:: The task ::
Exact copies of all the entries are required, and no pictures should appear in them.

:: Dataset records ::
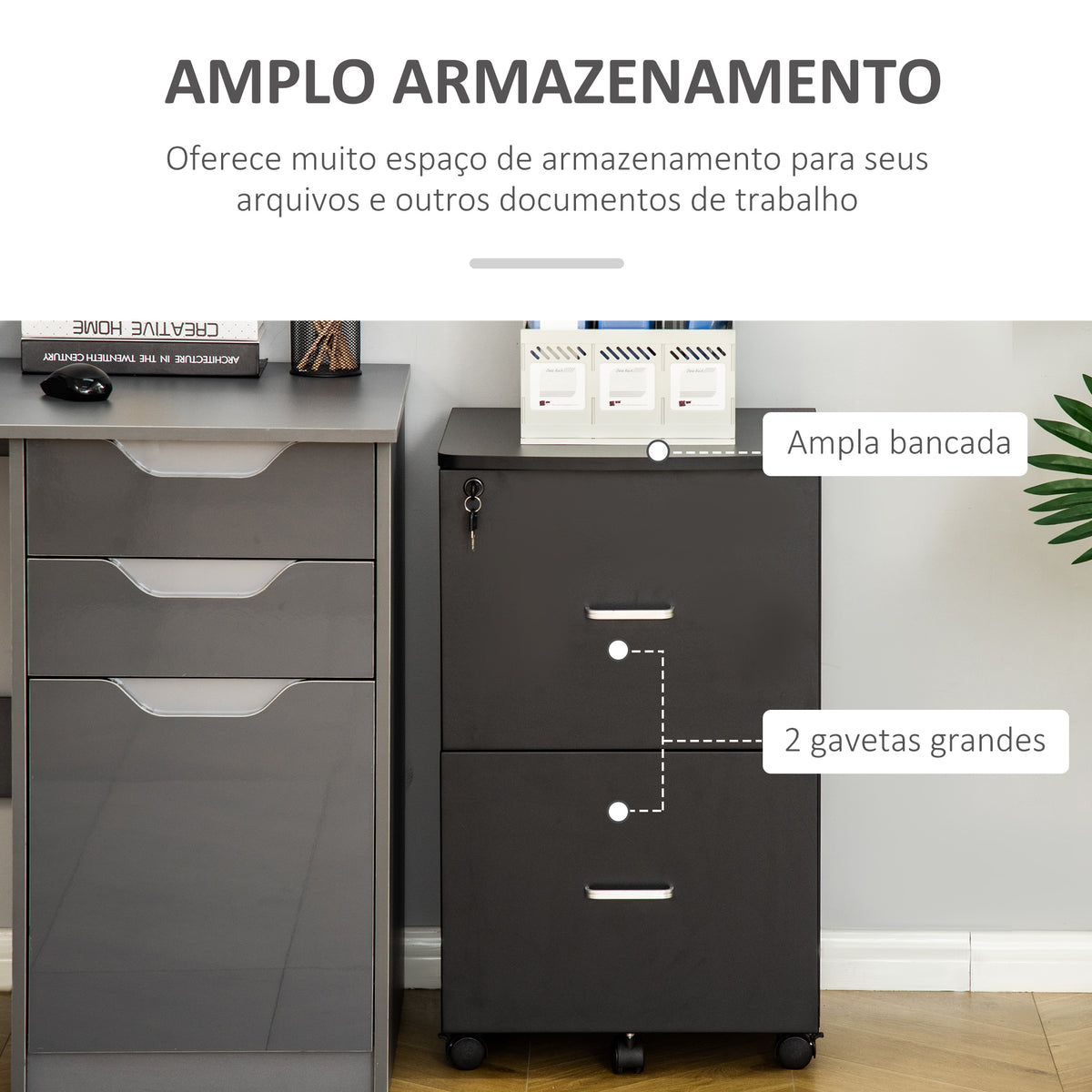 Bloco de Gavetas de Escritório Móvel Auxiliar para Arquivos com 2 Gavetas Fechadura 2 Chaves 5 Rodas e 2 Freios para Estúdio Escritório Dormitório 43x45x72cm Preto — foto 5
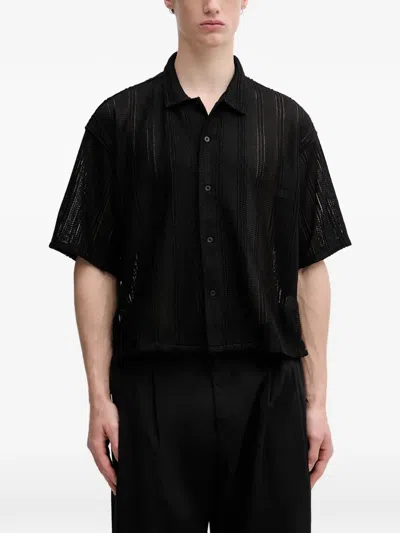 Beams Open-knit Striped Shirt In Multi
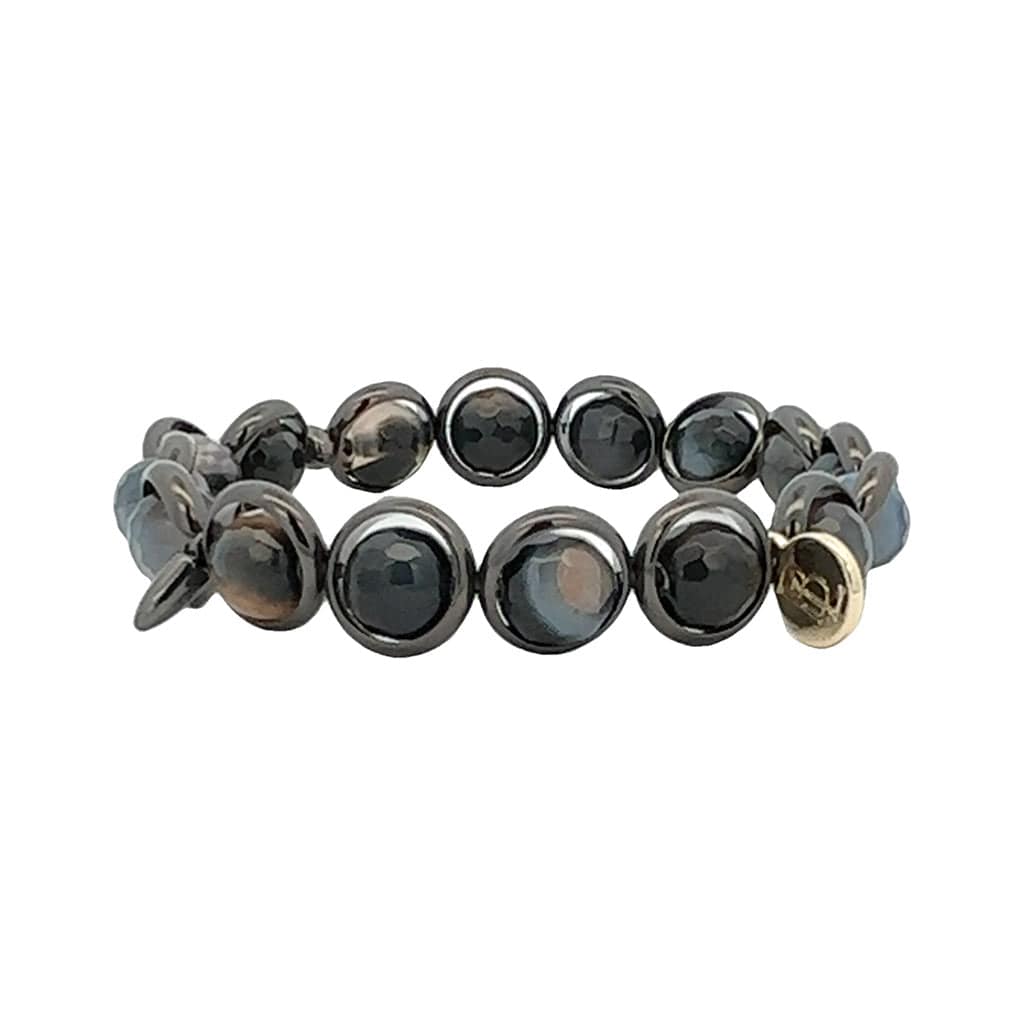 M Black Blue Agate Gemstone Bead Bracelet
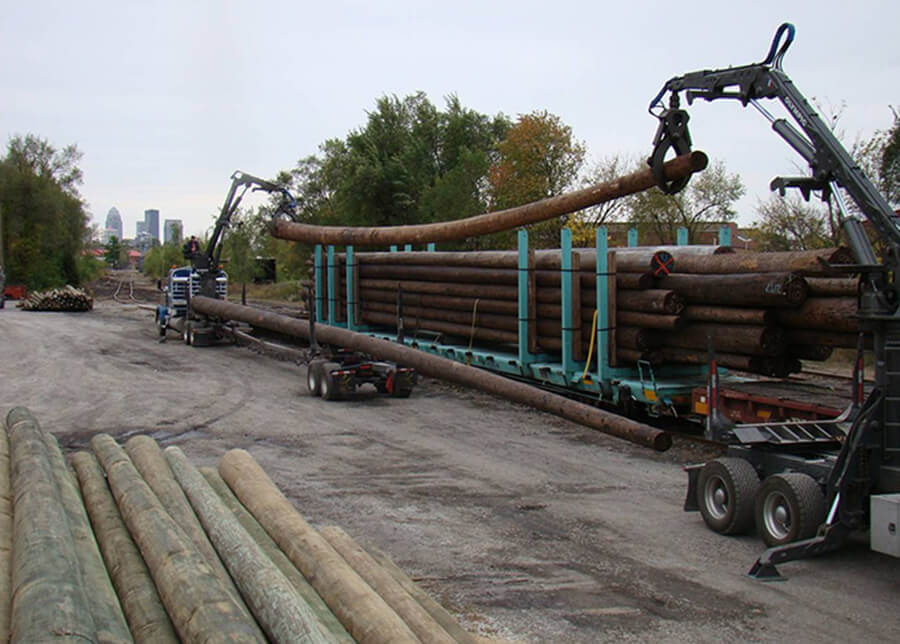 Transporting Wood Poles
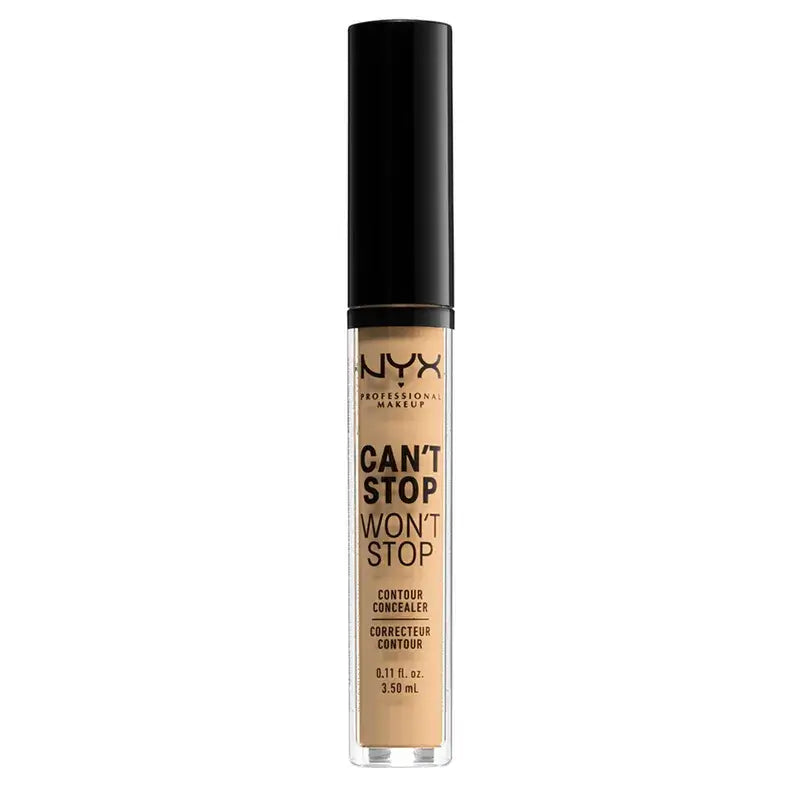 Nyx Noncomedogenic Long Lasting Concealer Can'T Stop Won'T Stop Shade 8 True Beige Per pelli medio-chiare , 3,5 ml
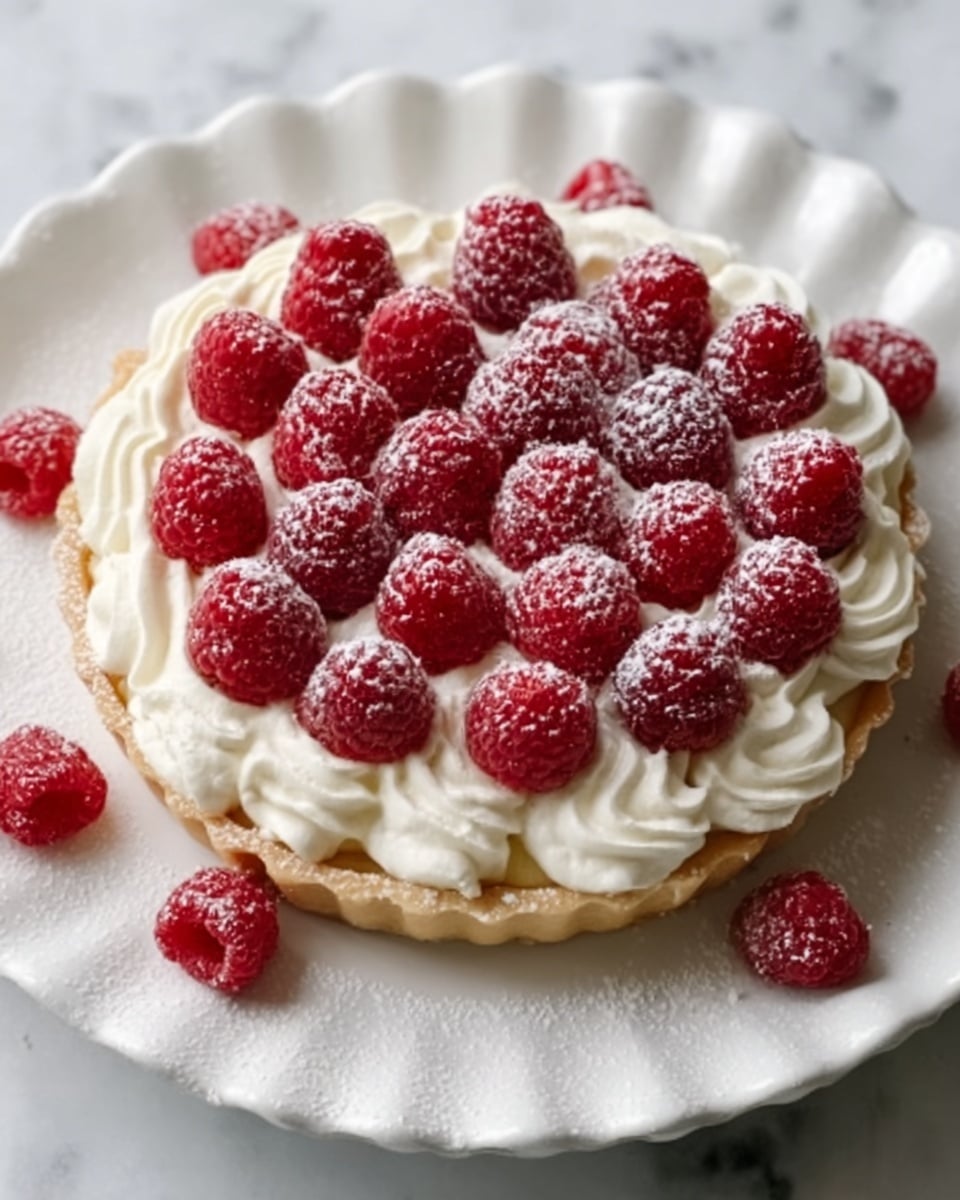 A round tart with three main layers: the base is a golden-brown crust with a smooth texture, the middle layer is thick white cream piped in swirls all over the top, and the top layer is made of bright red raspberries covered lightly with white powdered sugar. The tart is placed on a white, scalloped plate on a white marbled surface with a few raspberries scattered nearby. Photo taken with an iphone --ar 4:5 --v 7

:: Task answer ::
 Bloco de Gavetas de Escritório Móvel Auxiliar para Arquivos com 2 Gavetas Fechadura 2 Chaves 5 Rodas e 2 Freios para Estúdio Escritório Dormitório 43x45x72cm Preto — foto 5
 Beams Open-knit Striped Shirt In Multi
 M Black Blue Agate Gemstone Bead Bracelet
 Transporting Wood Poles
 Nyx Noncomedogenic Long Lasting Concealer Can'T Stop Won'T Stop Shade 8 True Beige Per pelli medio-chiare , 3,5 ml
 A round tart with three main layers: the base is a golden-brown crust with a smooth texture, the middle layer is thick white cream piped in swirls all over the top, and the top layer is made of bright red raspberries covered lightly with white powdered sugar. The tart is placed on a white, scalloped plate on a white marbled surface with a few raspberries scattered nearby. Photo taken with an iphone --ar 4:5 --v 7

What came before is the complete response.